Range to repeat from the listing below: the line containing "The PCS is compliant" down to the line containing "An autoplay pop-up", both included. Copy it exactly, pictures excluded, and add nothing else.
───
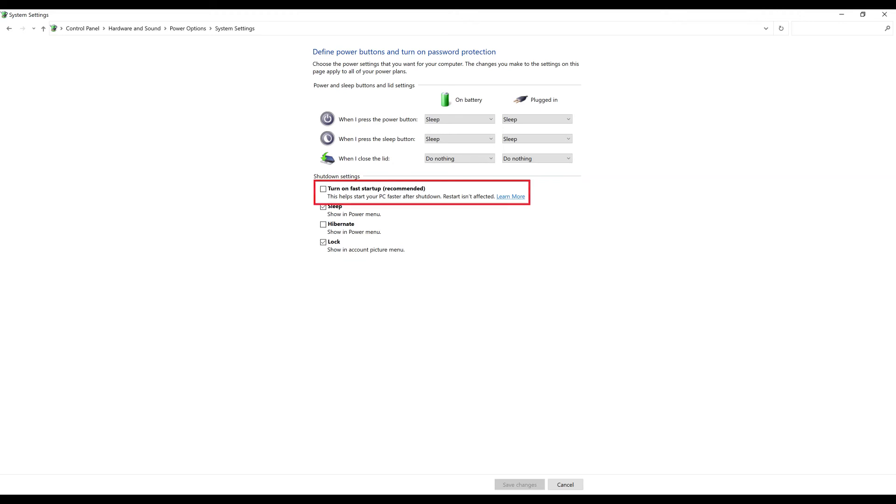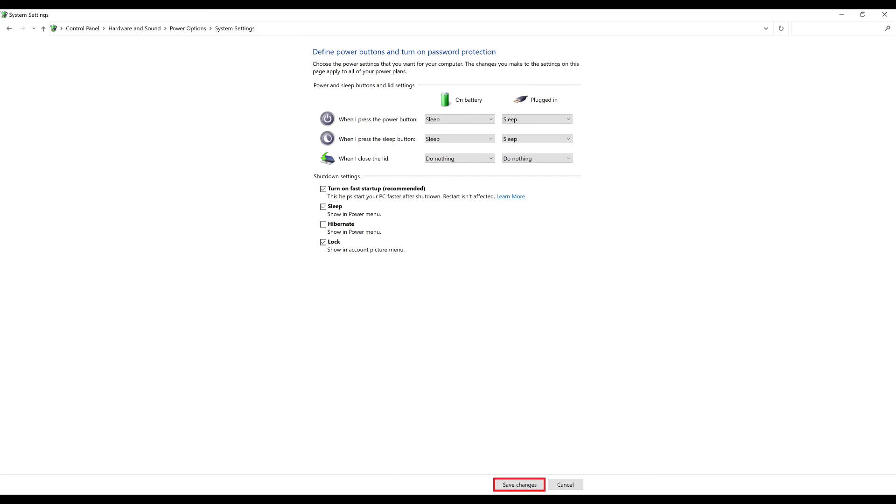Step 5. Click to place a check mark next to Turn on Fast Startup, and then click Save Changes. Fast Startup will now be enabled on your computer going forward.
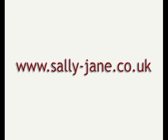For more tips and tutorials on using Photoshop, why not visit my website at www.sally-jane.co.uk.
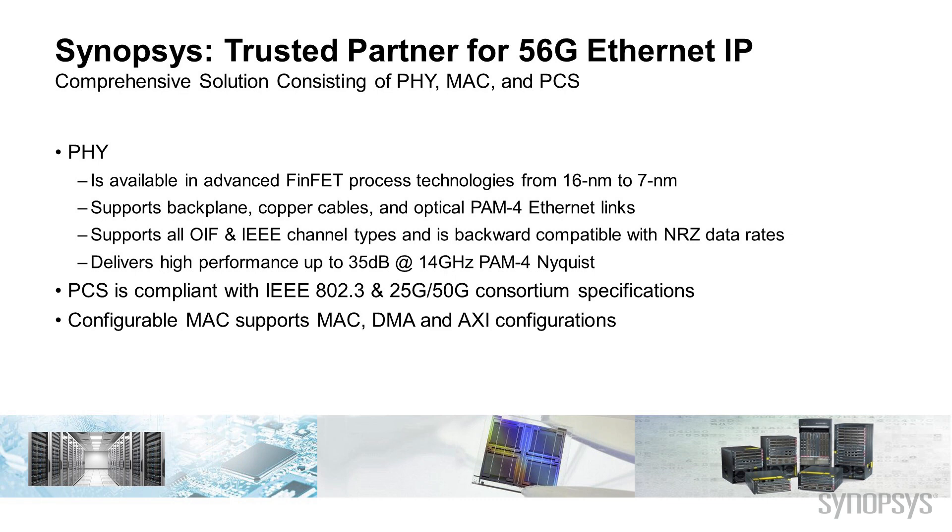The PCS is compliant with IEEE 802.3 and 25-gig, 50-gig consortium specifications. The configurable MAC supports MAC, DMA, and AXI configurations.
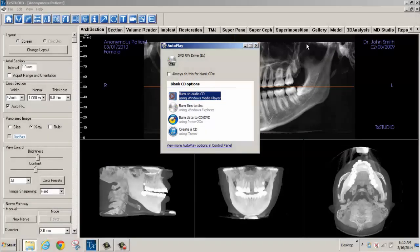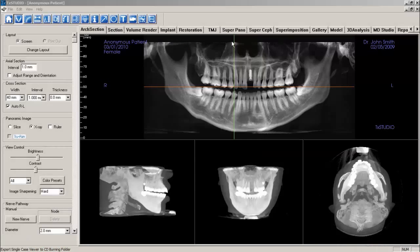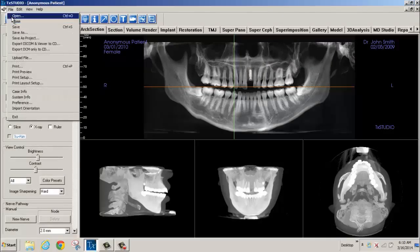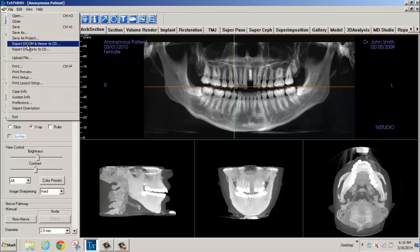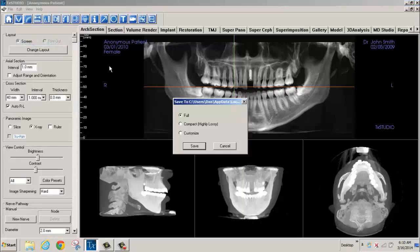An autoplay pop-up window will appear where you will click on the X to close. Select File on the menu bar and choose either Export DICOM in Viewer to CD or Export DICOM only to CD.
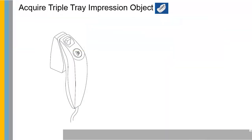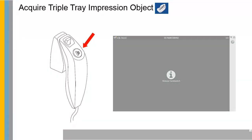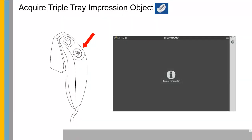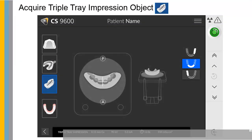Launch the X-ray with the remote control. Press and hold the exposure button until the end of the acquisition is indicated by the on-screen release switch message. When the acquisition ends, the acquired image appears on your screen. Repeat this process for each object.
───
* Solution below:
The PCS is compliant with IEEE 802.3 and 25-gig, 50-gig consortium specifications. The configurable MAC supports MAC, DMA, and AXI configurations.
An autoplay pop-up window will appear where you will click on the X to close. Select File on the menu bar and choose either Export DICOM in Viewer to CD or Export DICOM only to CD.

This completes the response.